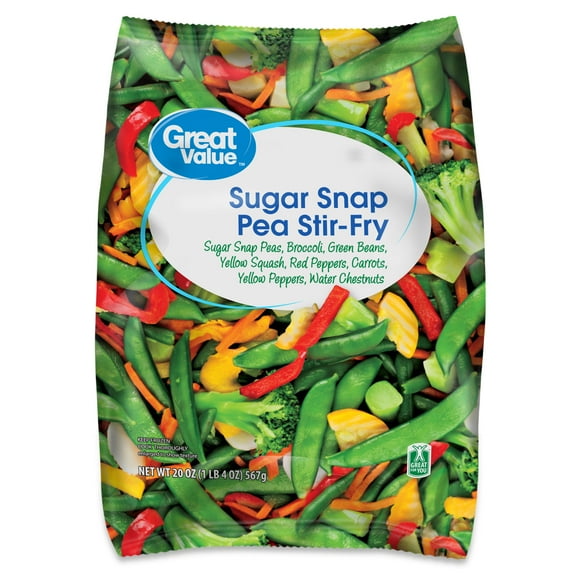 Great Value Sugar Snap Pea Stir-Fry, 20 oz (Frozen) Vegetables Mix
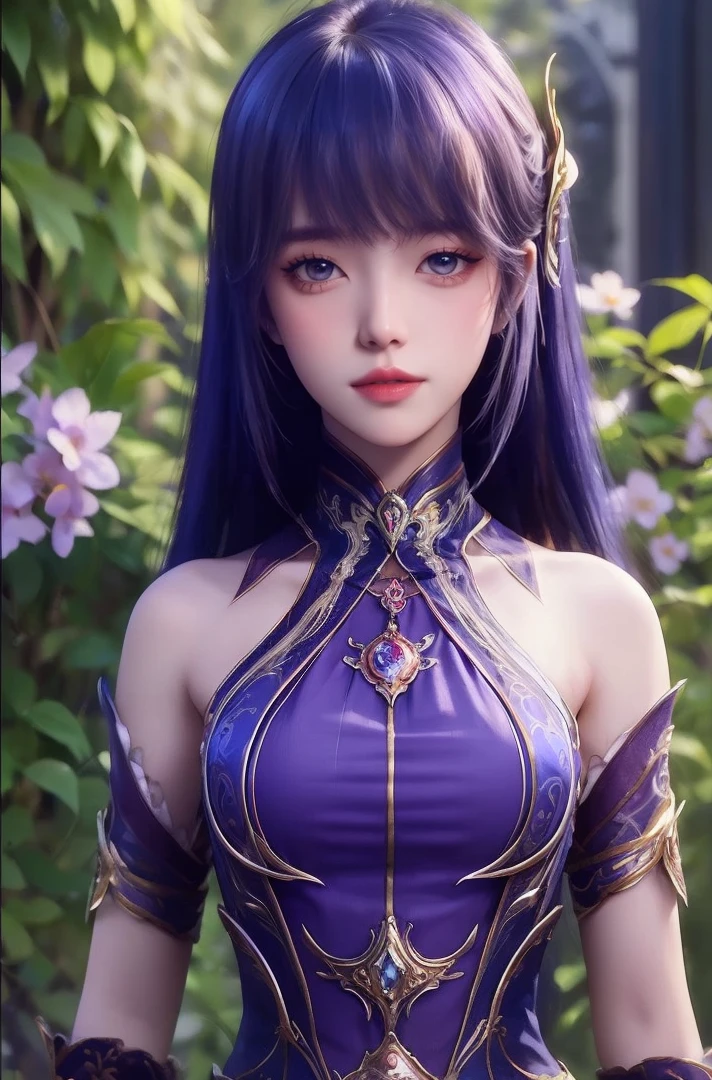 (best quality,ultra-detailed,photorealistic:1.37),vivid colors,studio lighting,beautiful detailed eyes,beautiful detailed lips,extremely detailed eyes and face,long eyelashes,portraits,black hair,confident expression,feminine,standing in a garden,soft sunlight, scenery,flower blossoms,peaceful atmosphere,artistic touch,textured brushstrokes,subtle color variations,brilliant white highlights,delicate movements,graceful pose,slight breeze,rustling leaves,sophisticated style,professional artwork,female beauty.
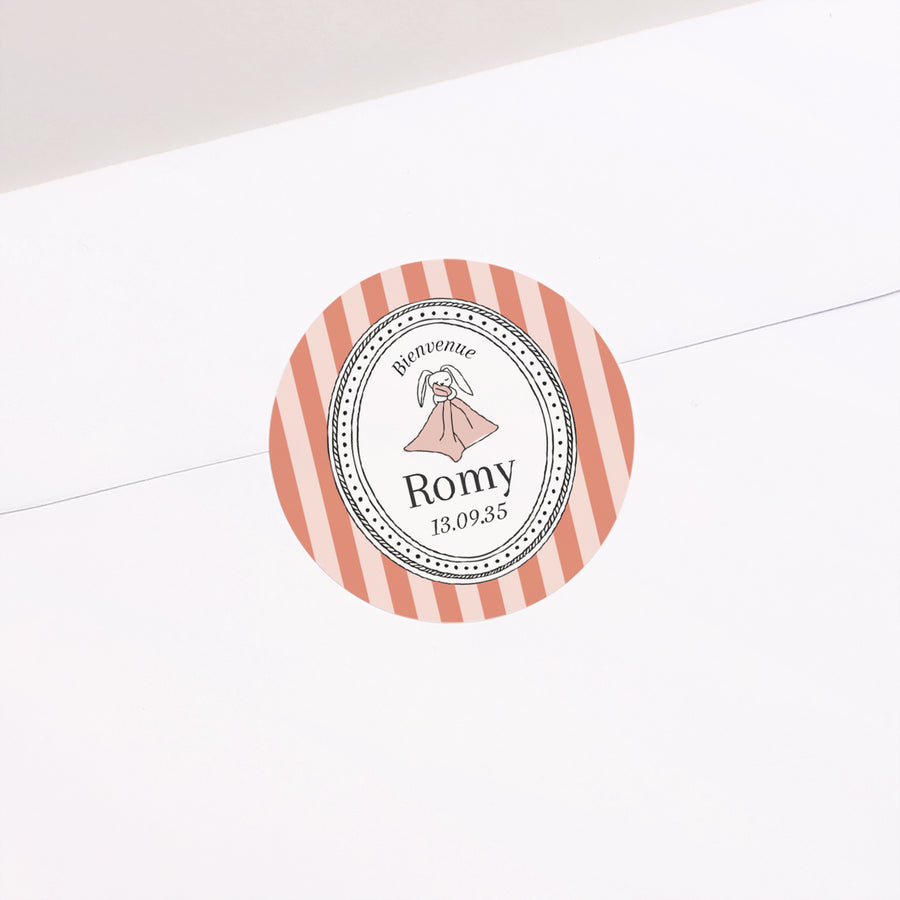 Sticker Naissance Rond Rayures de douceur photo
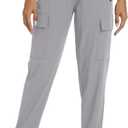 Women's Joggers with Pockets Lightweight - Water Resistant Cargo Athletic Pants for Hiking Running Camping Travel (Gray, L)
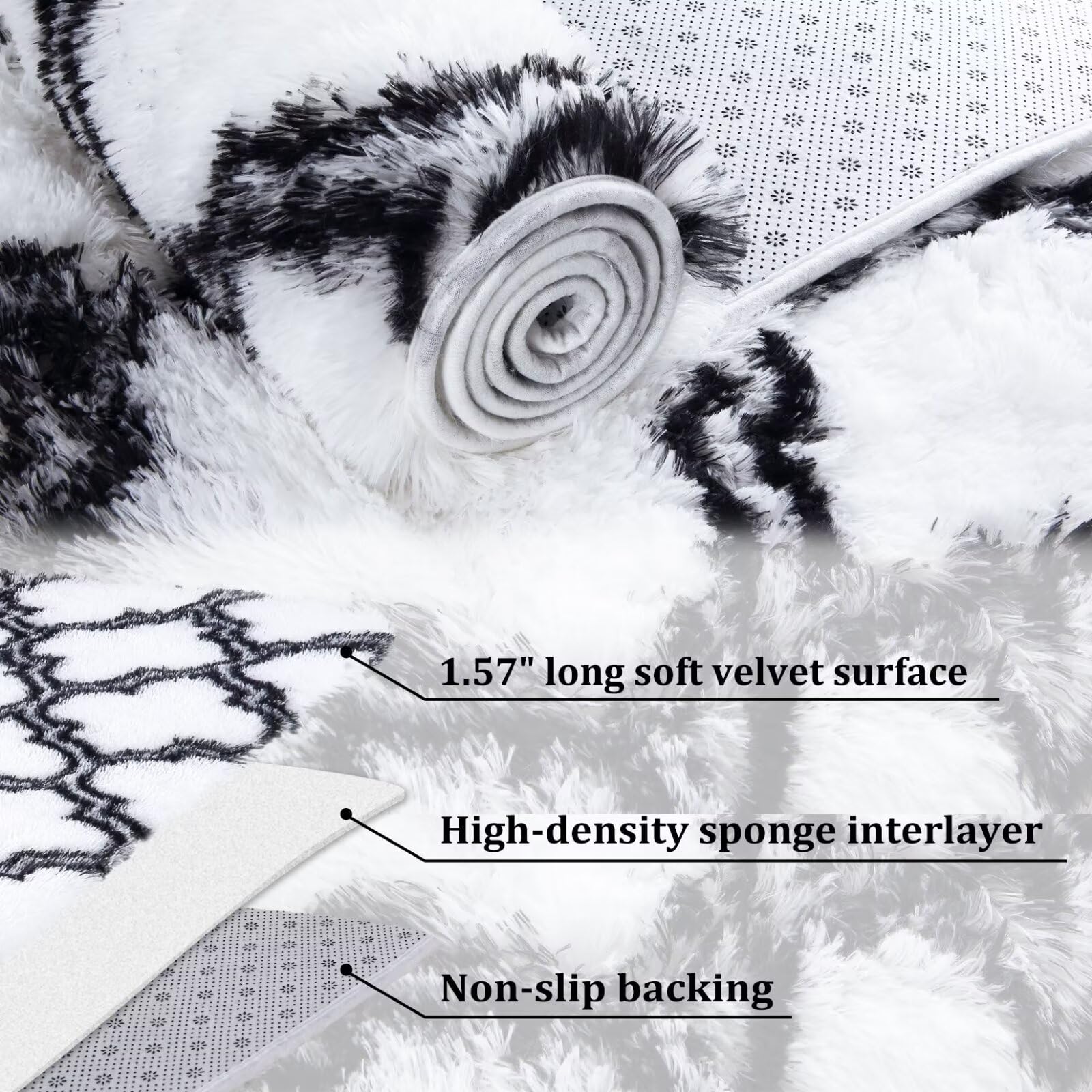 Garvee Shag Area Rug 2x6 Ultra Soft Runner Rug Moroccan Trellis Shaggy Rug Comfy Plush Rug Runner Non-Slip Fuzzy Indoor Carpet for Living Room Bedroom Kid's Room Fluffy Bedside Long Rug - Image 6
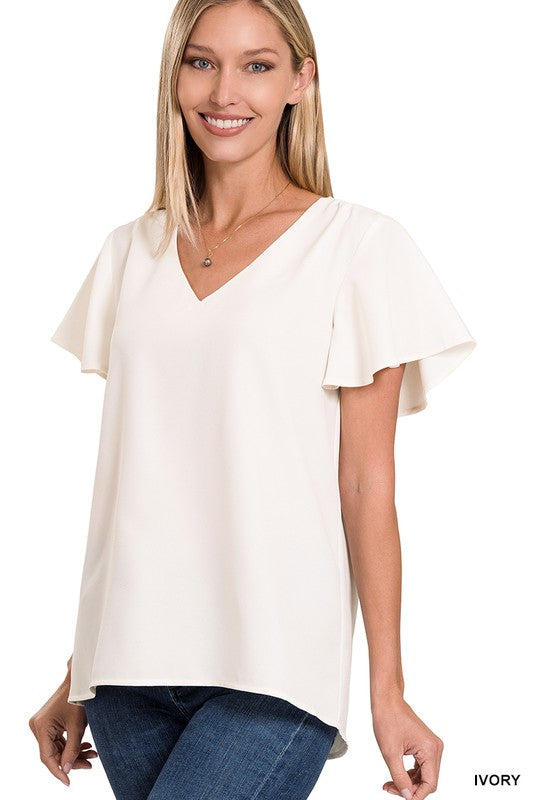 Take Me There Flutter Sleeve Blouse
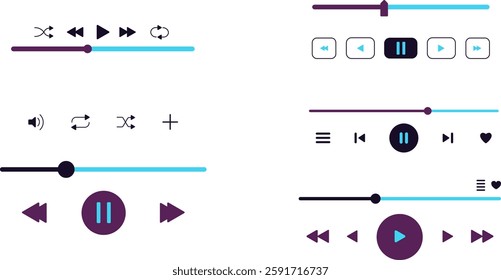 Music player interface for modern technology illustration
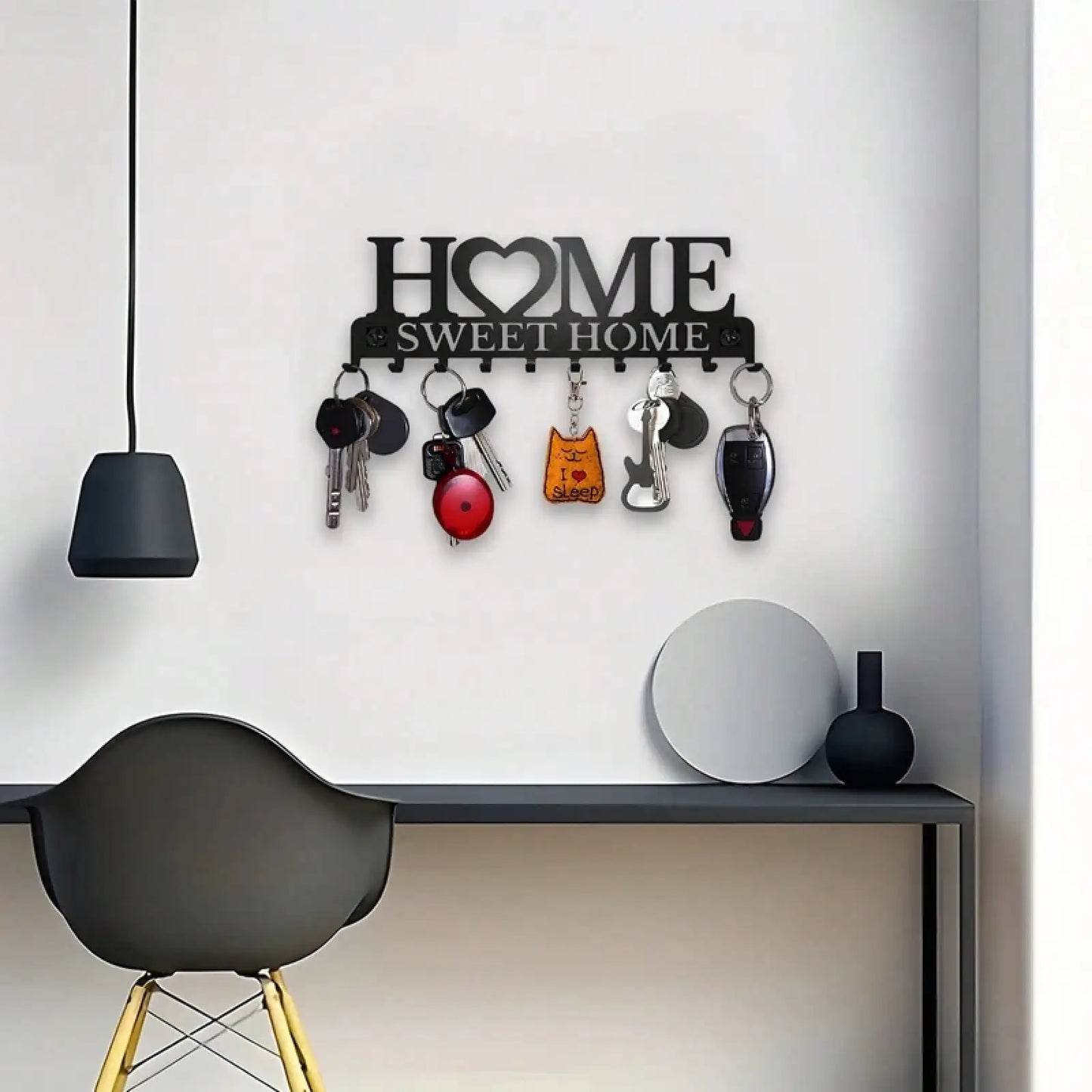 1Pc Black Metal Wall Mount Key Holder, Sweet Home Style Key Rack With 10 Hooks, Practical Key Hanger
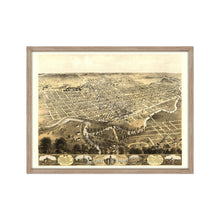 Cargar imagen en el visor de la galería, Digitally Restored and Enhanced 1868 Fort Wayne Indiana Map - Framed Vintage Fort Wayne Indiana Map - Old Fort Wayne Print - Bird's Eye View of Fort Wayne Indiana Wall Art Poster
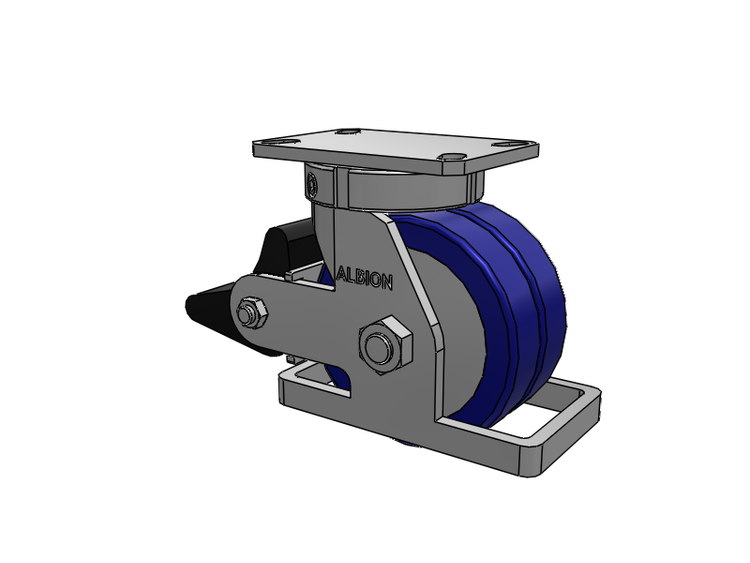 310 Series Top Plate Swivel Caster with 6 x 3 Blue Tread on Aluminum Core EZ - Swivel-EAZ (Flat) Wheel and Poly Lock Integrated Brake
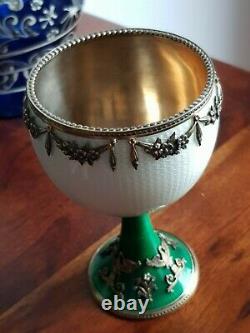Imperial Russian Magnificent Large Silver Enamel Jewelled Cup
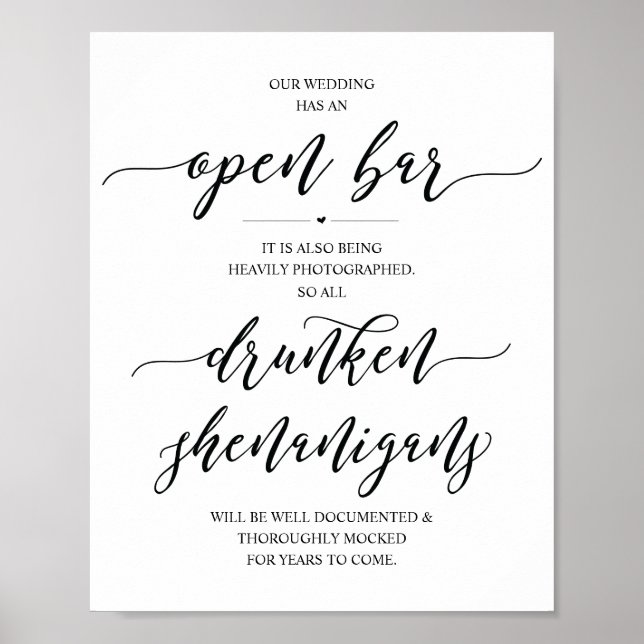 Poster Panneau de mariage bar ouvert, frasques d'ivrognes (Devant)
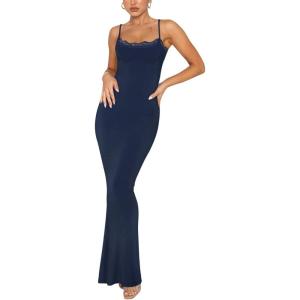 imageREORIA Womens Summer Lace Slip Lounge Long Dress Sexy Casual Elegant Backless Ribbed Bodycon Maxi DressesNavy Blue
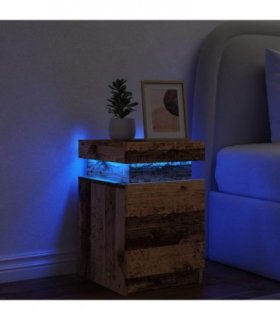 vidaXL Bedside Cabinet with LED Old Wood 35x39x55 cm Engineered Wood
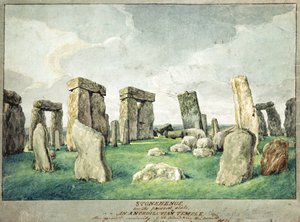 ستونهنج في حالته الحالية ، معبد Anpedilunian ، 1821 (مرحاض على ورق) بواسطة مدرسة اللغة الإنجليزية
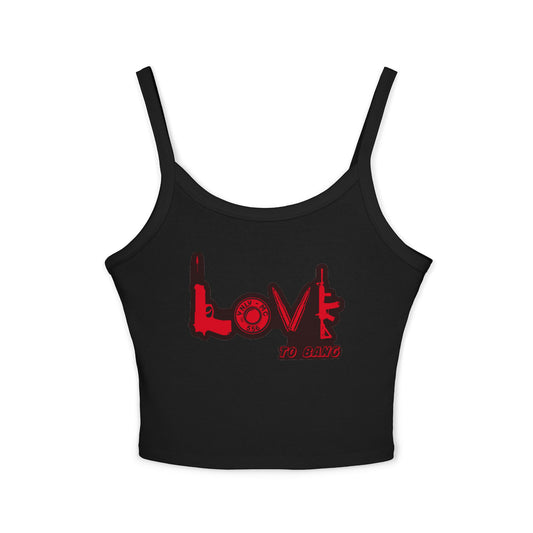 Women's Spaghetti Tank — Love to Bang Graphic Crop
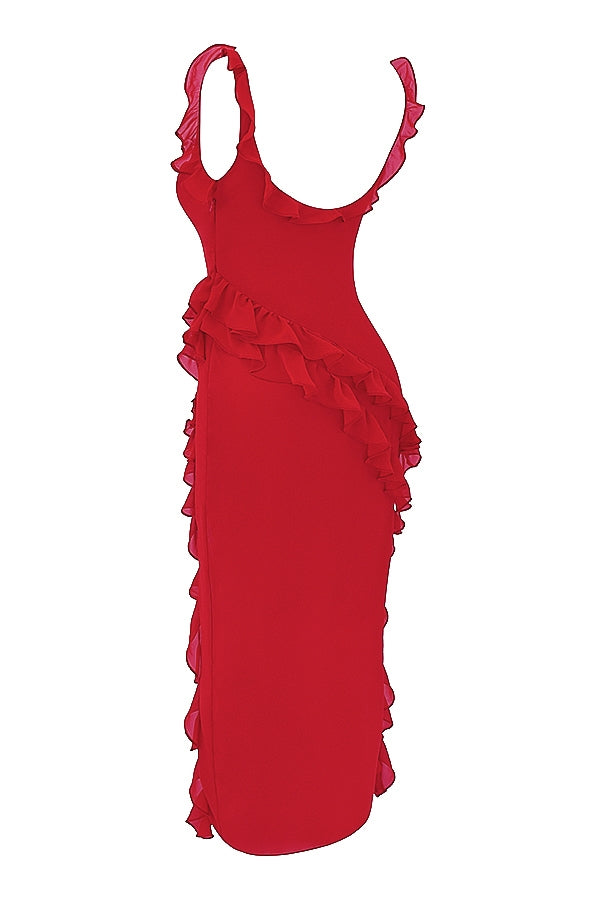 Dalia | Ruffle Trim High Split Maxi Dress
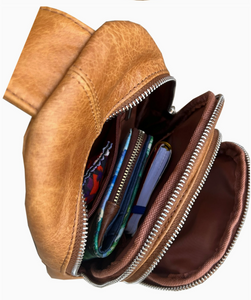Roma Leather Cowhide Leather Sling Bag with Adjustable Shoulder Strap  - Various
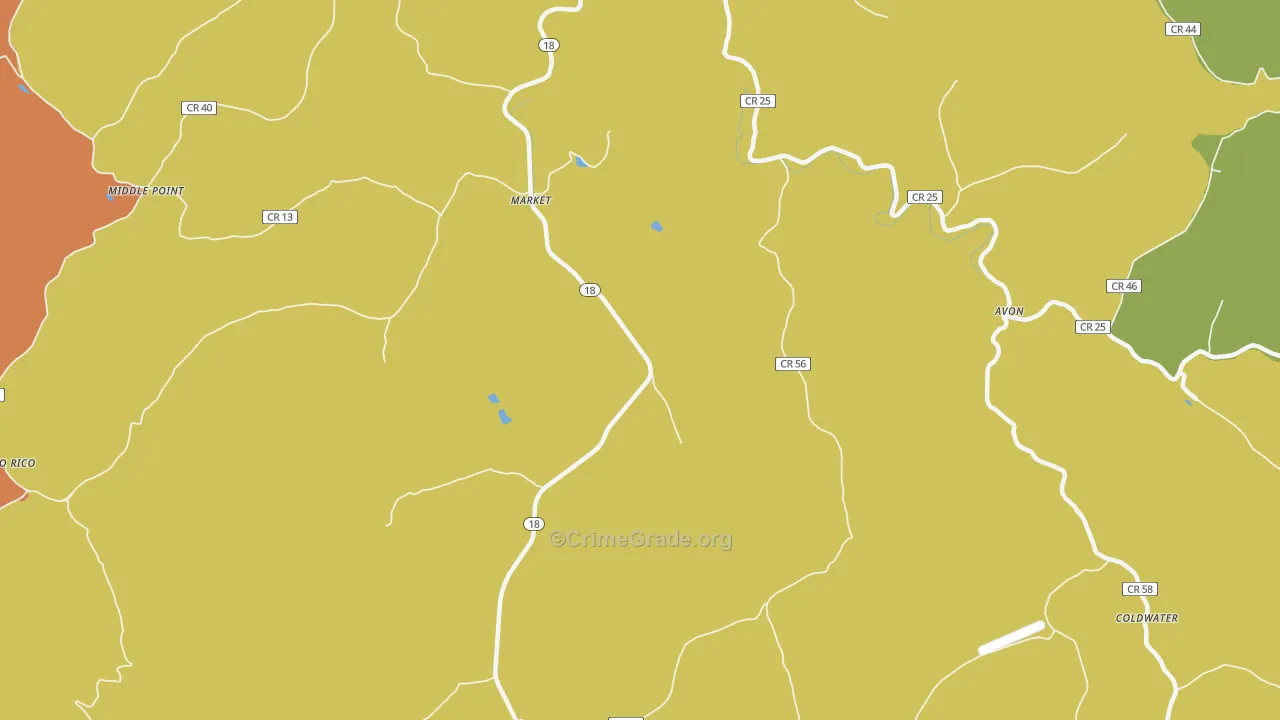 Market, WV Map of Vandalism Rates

----------

### [WORK REQUIRED]
Every line from the one containing "Music player interface" through the last line of the records is to be reproduced exactly, with pictures left out and nothing else given.

### [THE ANSWER]
 Music player interface for modern technology illustration
 1Pc Black Metal Wall Mount Key Holder, Sweet Home Style Key Rack With 10 Hooks, Practical Key Hanger
 Cargar imagen en el visor de la galería, Digitally Restored and Enhanced 1868 Fort Wayne Indiana Map - Framed Vintage Fort Wayne Indiana Map - Old Fort Wayne Print - Bird's Eye View of Fort Wayne Indiana Wall Art Poster
 310 Series Top Plate Swivel Caster with 6 x 3 Blue Tread on Aluminum Core EZ - Swivel-EAZ (Flat) Wheel and Poly Lock Integrated Brake
Imperial Russian Magnificent Large Silver Enamel Jewelled Cup
 Poster Panneau de mariage bar ouvert, frasques d'ivrognes (Devant)
 imageREORIA Womens Summer Lace Slip Lounge Long Dress Sexy Casual Elegant Backless Ribbed Bodycon Maxi DressesNavy Blue
 vidaXL Bedside Cabinet with LED Old Wood 35x39x55 cm Engineered Wood
 ستونهنج في حالته الحالية ، معبد Anpedilunian ، 1821 (مرحاض على ورق) بواسطة مدرسة اللغة الإنجليزية
 Women's Spaghetti Tank — Love to Bang Graphic Crop
 Dalia | Ruffle Trim High Split Maxi Dress
Roma Leather Cowhide Leather Sling Bag with Adjustable Shoulder Strap  - Various
 Market, WV Map of Vandalism Rates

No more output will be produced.